• [What you are asked to do]:
Extract every line between the one with "Kabel Lanberg CA-VGAC-10CC-0018-B+" and the end of the entries, both included, word for word and free of pictures.

────────────────

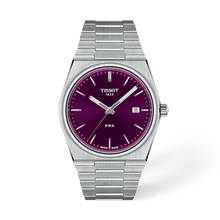 Charger l'image dans la galerie, Tissot PRX Quartz Purple - 40mm | T1374101140100
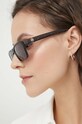 Guess okulary przeciwsłoneczne GU00085.5552Y brązowy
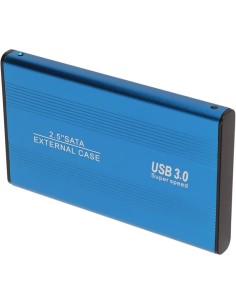 CAJA EXTERNA ONEWAY HDD 2.5 SATA USB 3.0 BLUE 2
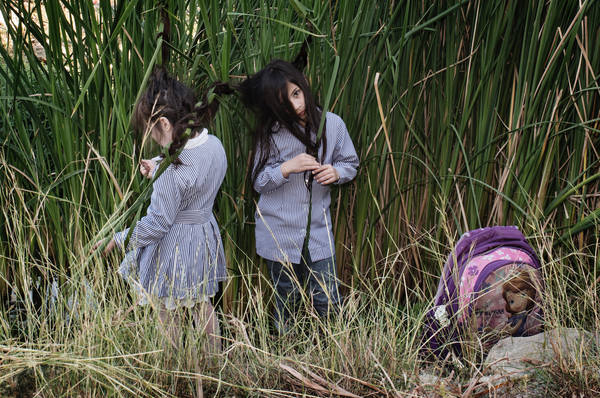 Palestinians in Nature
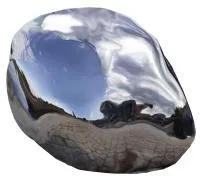 Перекрёсток арт-объект из нержавеющей стали (518304) производство  в Омске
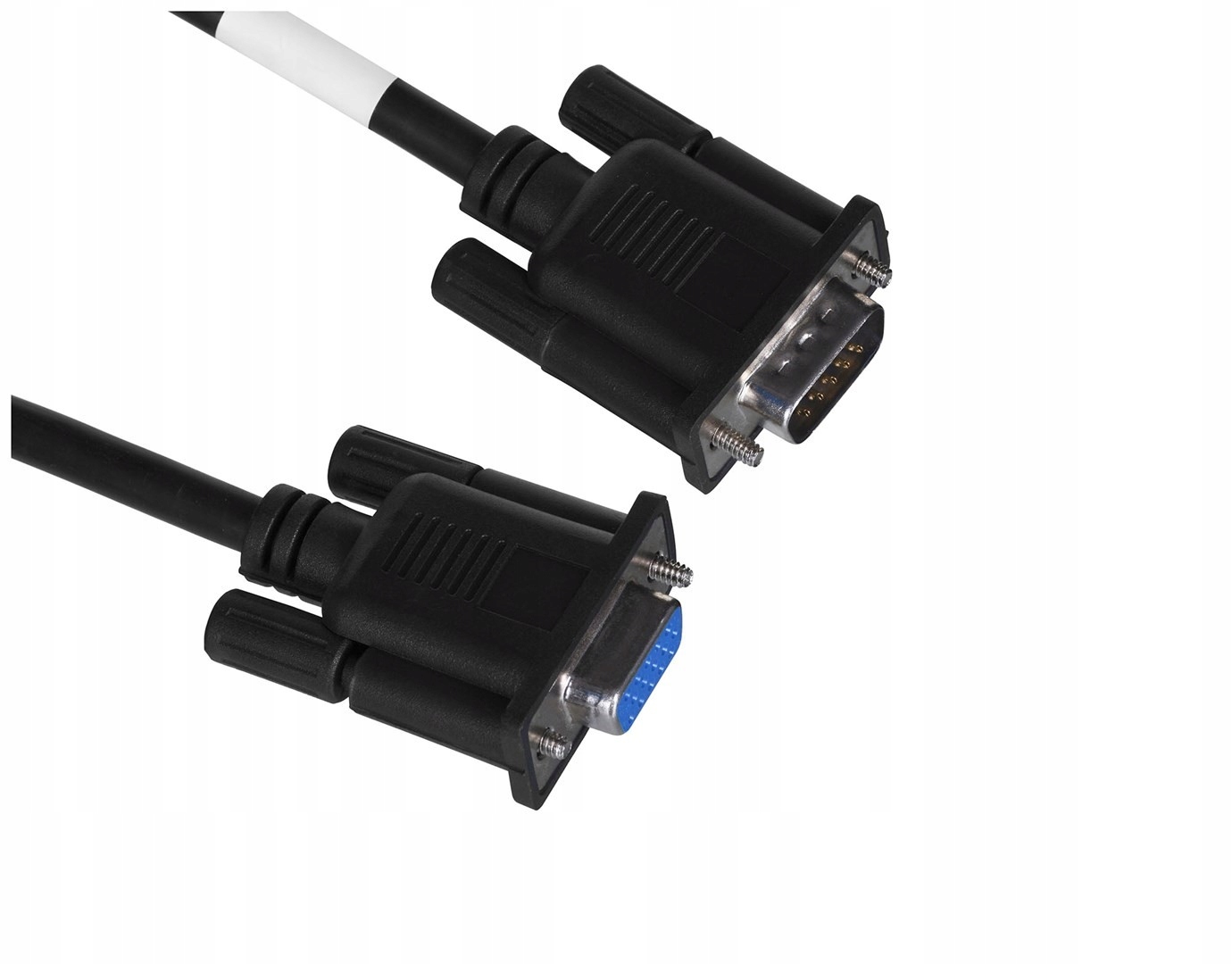 Kabel Lanberg CA-VGAC-10CC-0018-B+ (D-Sub (vga) M D-Sub (vga) F 1,8m
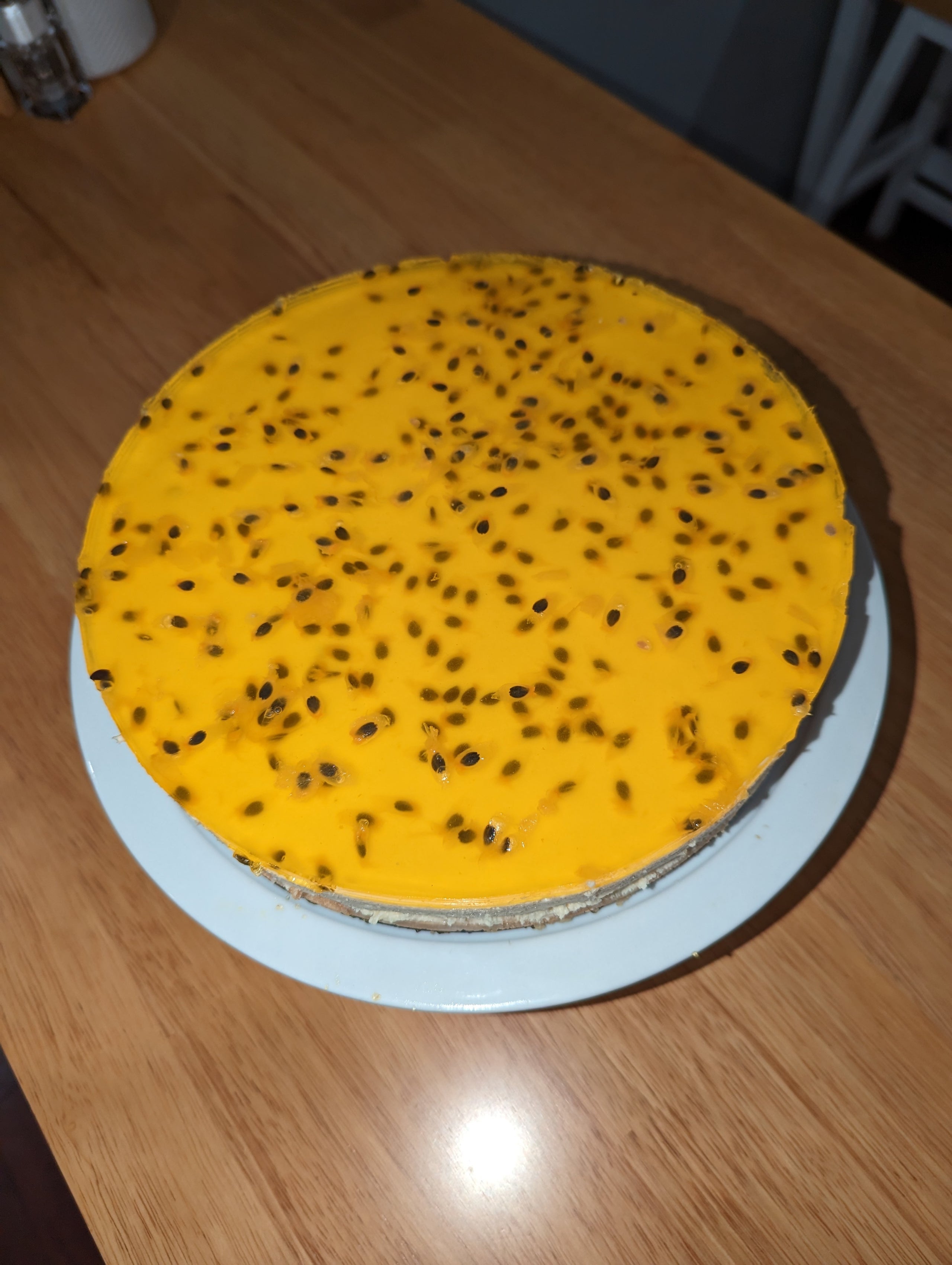 Cheesecake Cockatoo Coffee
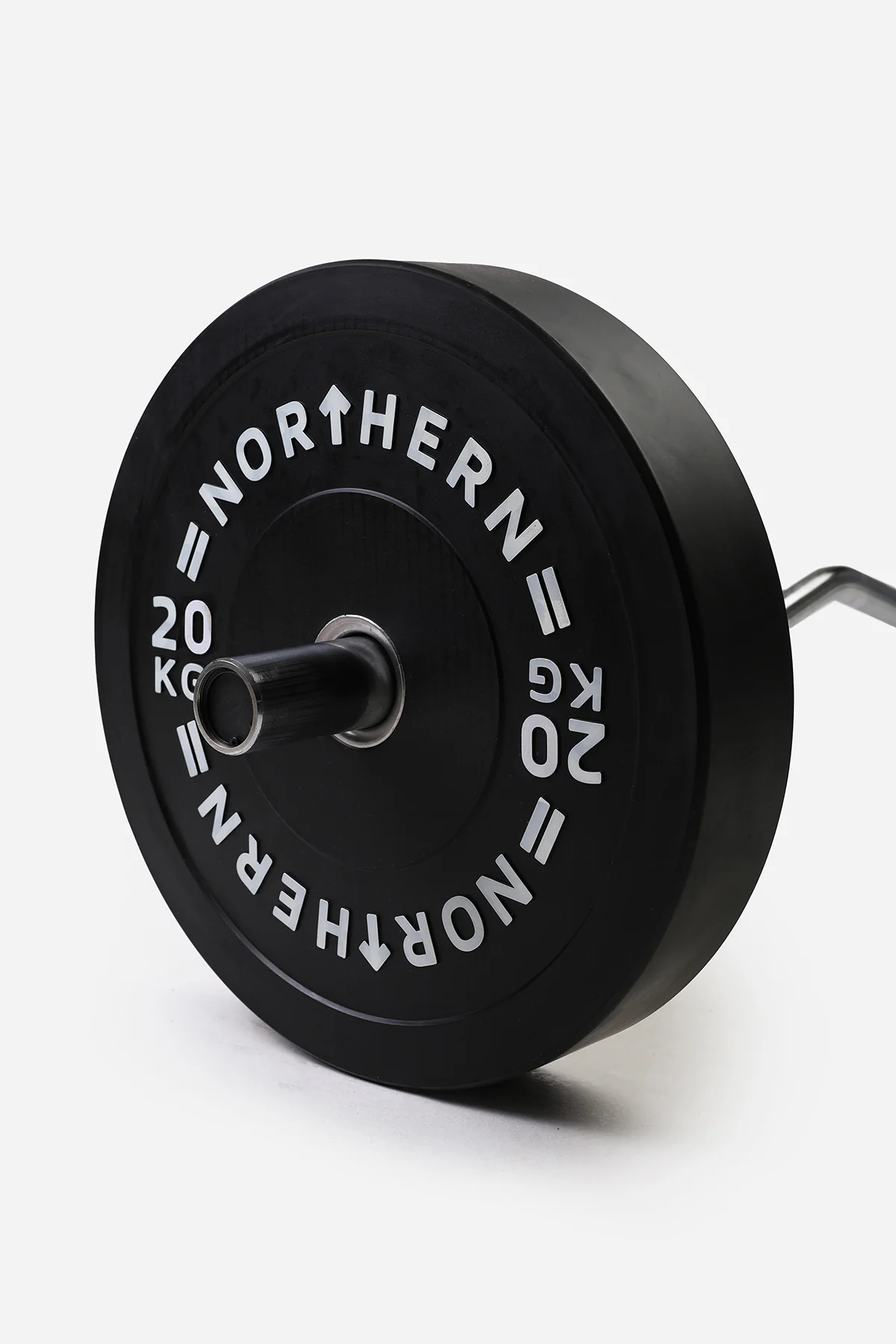 Northern Olympic Bumper Plates Pair - 20kg x 2 (40kg) - Image 4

────────────────

• [Answer area]:
 Kabel Lanberg CA-VGAC-10CC-0018-B+ (D-Sub (vga) M D-Sub (vga) F 1,8m
 Cheesecake Cockatoo Coffee
 Northern Olympic Bumper Plates Pair - 20kg x 2 (40kg) - Image 4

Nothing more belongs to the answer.